§ **The data**
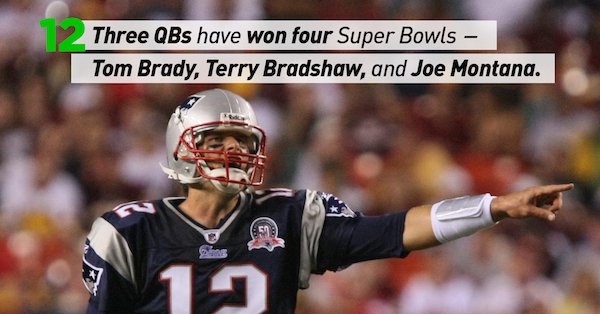 21 facts about the Super Bowl to get you ready for Sunday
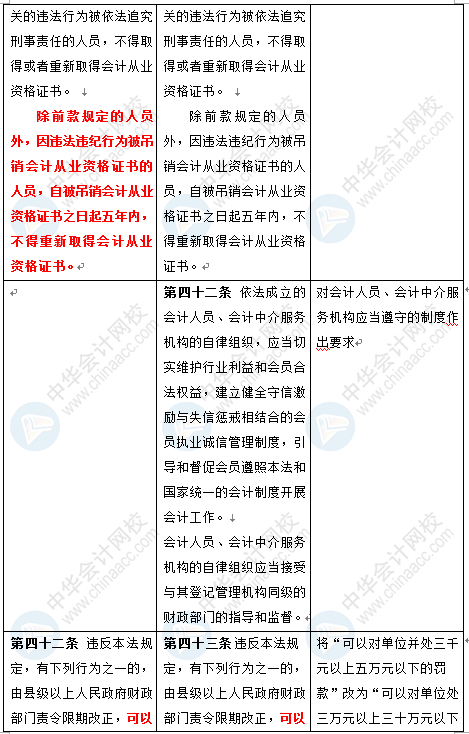 新《會計法》修訂草案公布 變化太大了 會計一定要看！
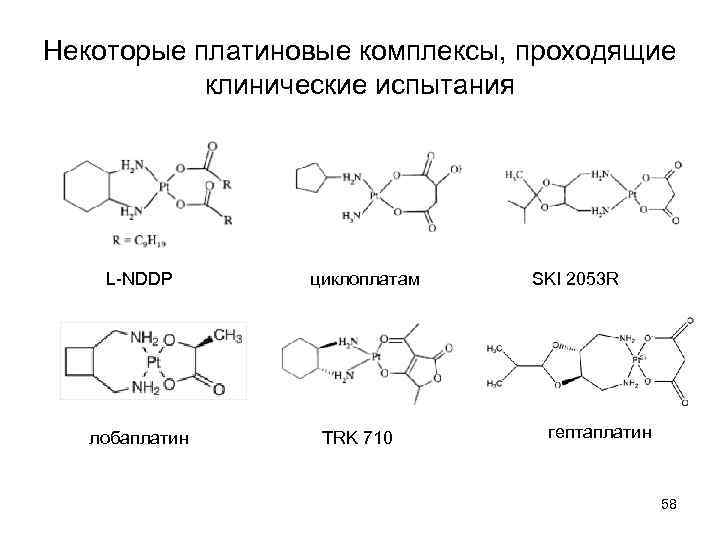 Некоторые платиновые комплексы, проходящие клинические испытания L-NDDP лобаплатин циклоплатам TRK 710 SKI 2053 R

§ **What you should do**
Exact copy, no pictures: please print the data above once more.

§ **Solved exercise**
 21 facts about the Super Bowl to get you ready for Sunday
 新《會計法》修訂草案公布 變化太大了 會計一定要看！
 Некоторые платиновые комплексы, проходящие клинические испытания L-NDDP лобаплатин циклоплатам TRK 710 SKI 2053 R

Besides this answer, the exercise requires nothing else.